GIVEN ENTRIES —
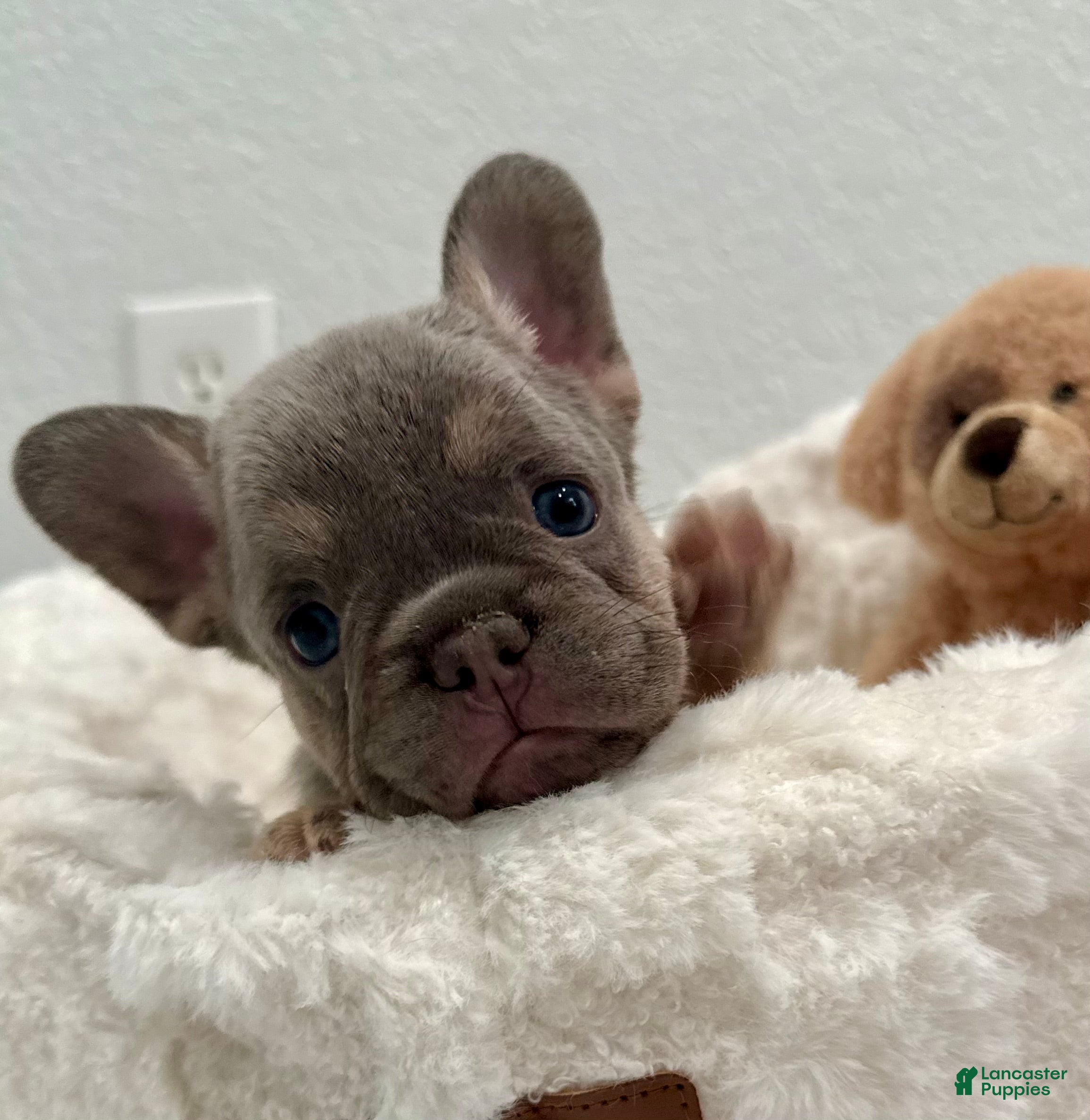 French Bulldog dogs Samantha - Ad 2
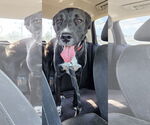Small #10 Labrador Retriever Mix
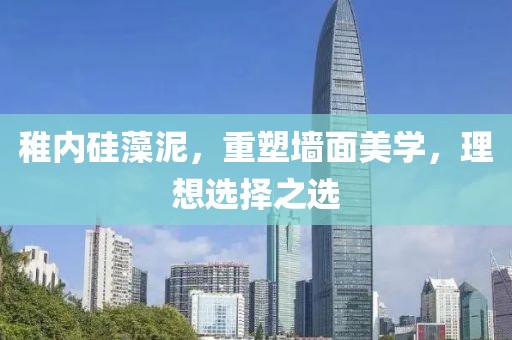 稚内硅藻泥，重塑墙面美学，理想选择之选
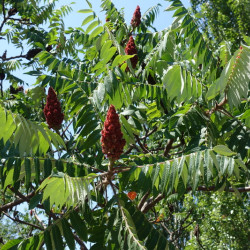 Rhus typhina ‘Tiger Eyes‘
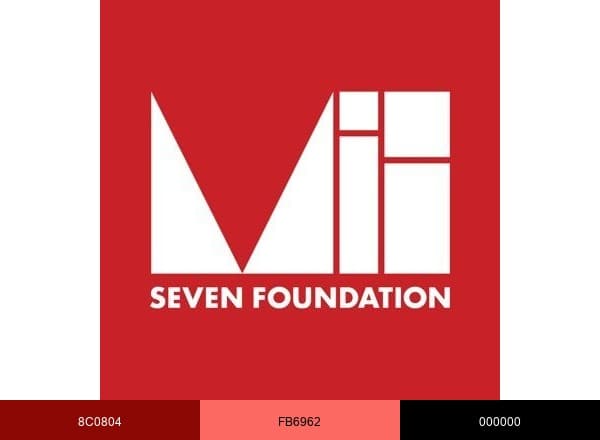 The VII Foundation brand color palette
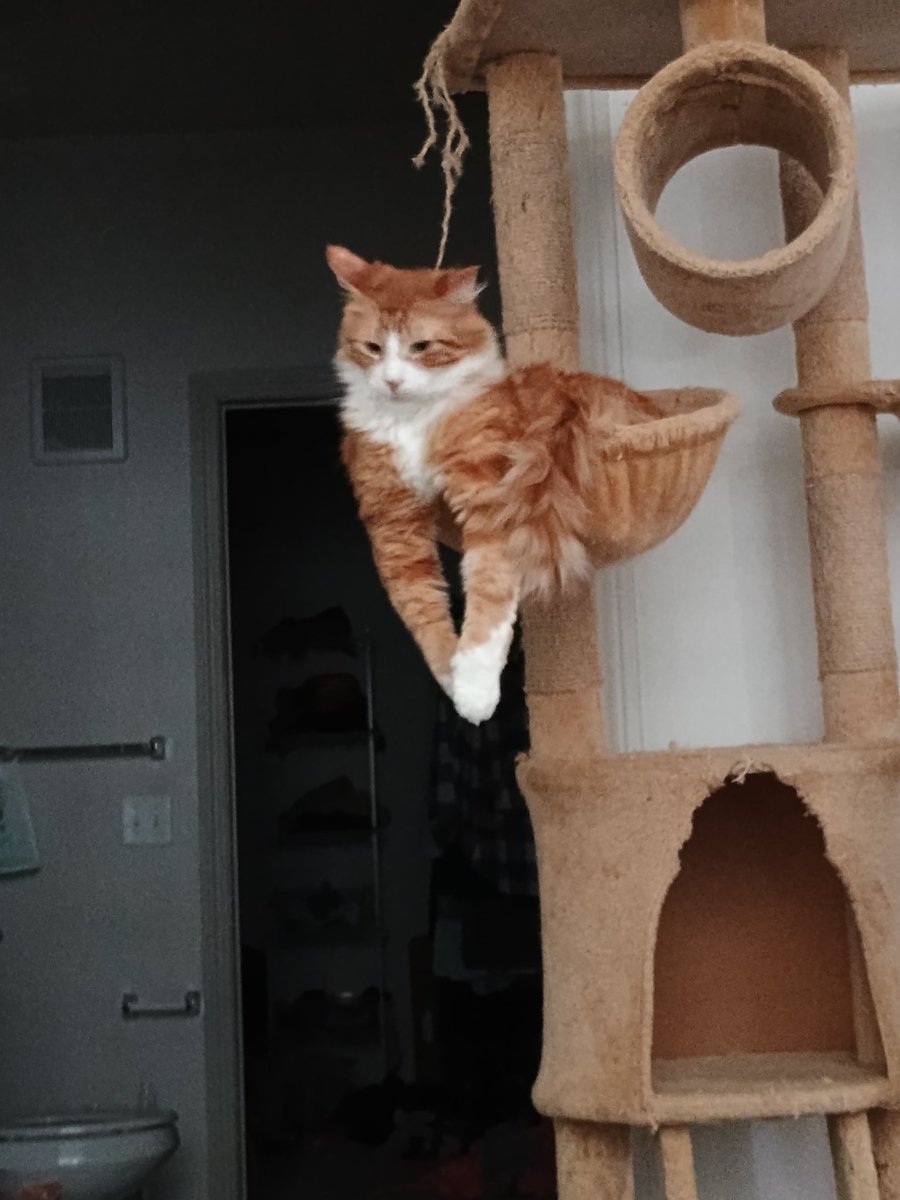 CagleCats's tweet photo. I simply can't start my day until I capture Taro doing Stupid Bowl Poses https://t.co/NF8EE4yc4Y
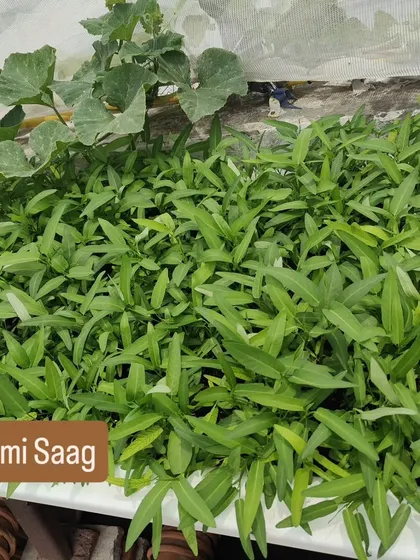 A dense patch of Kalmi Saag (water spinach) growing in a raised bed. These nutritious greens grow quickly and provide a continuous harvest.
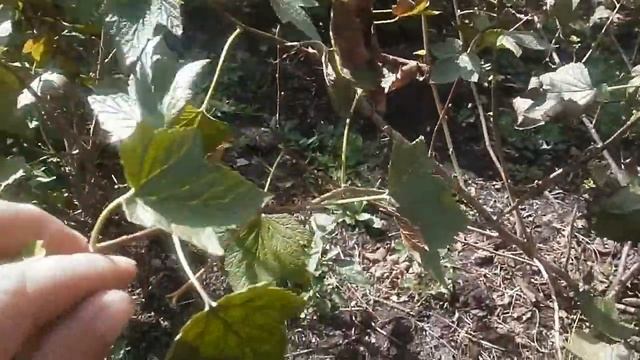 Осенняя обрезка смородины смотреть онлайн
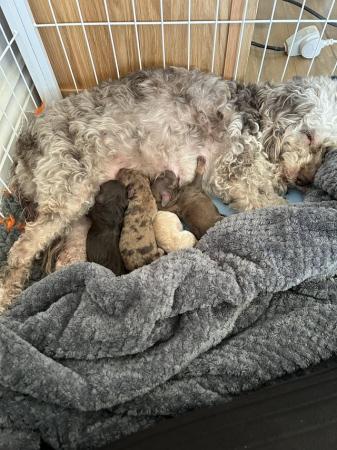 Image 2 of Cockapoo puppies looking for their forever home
---
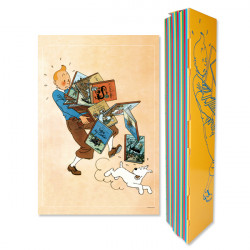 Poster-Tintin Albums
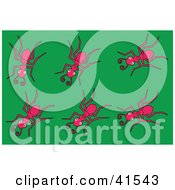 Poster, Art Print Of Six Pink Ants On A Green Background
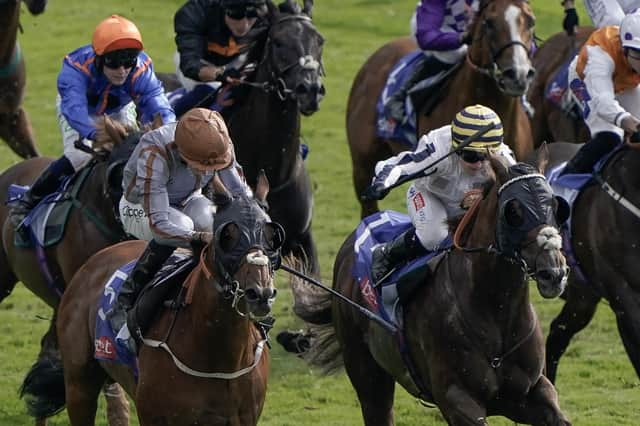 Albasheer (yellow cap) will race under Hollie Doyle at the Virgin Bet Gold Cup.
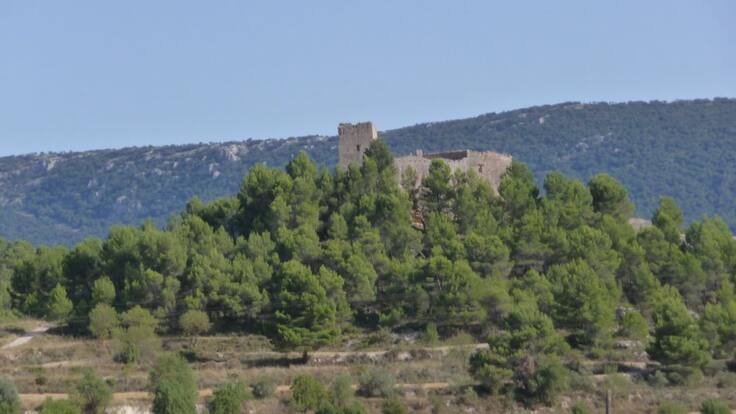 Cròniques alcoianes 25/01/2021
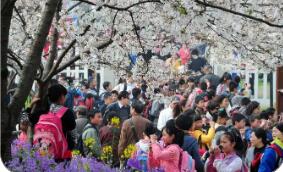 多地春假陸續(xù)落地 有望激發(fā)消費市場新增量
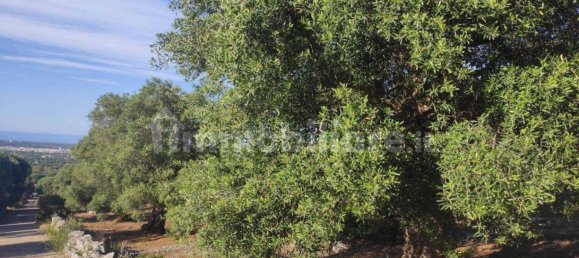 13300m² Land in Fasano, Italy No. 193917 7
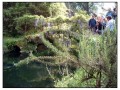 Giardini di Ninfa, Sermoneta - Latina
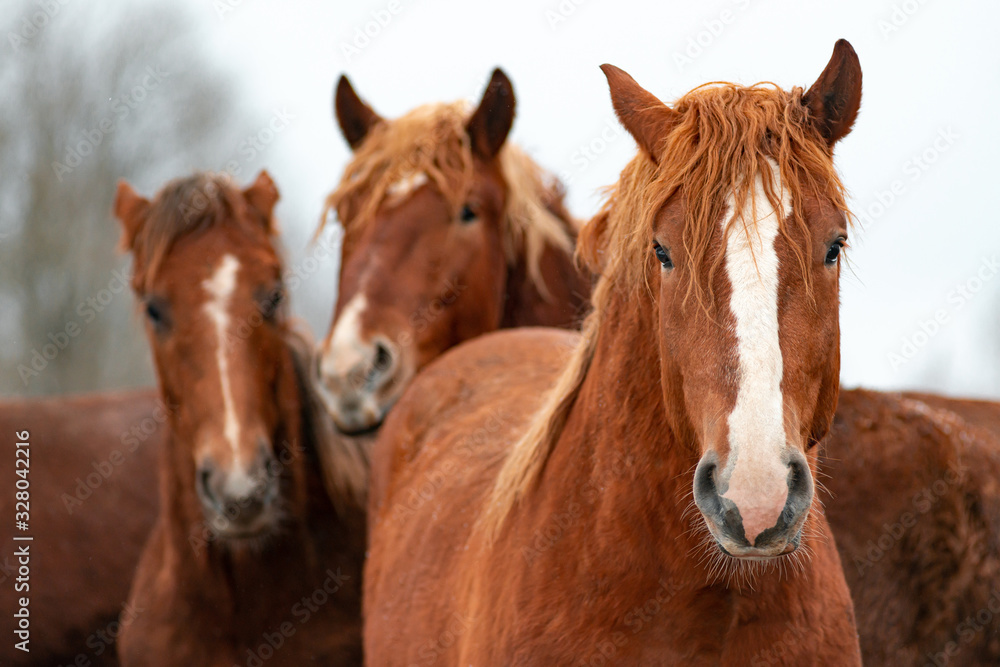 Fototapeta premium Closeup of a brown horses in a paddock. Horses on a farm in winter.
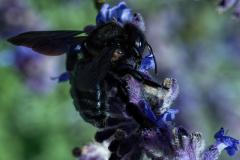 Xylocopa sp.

WORK TO COMPLETE —
Reproduce the listing above only between the lines holding "Fototapeta premium Closeup" and "Xylocopa sp.", inclusive. Every line must match exactly, and pictures are dropped.

ANSWER SECTION —
 Fototapeta premium Closeup of a brown horses in a paddock. Horses on a farm in winter.
 Xylocopa sp.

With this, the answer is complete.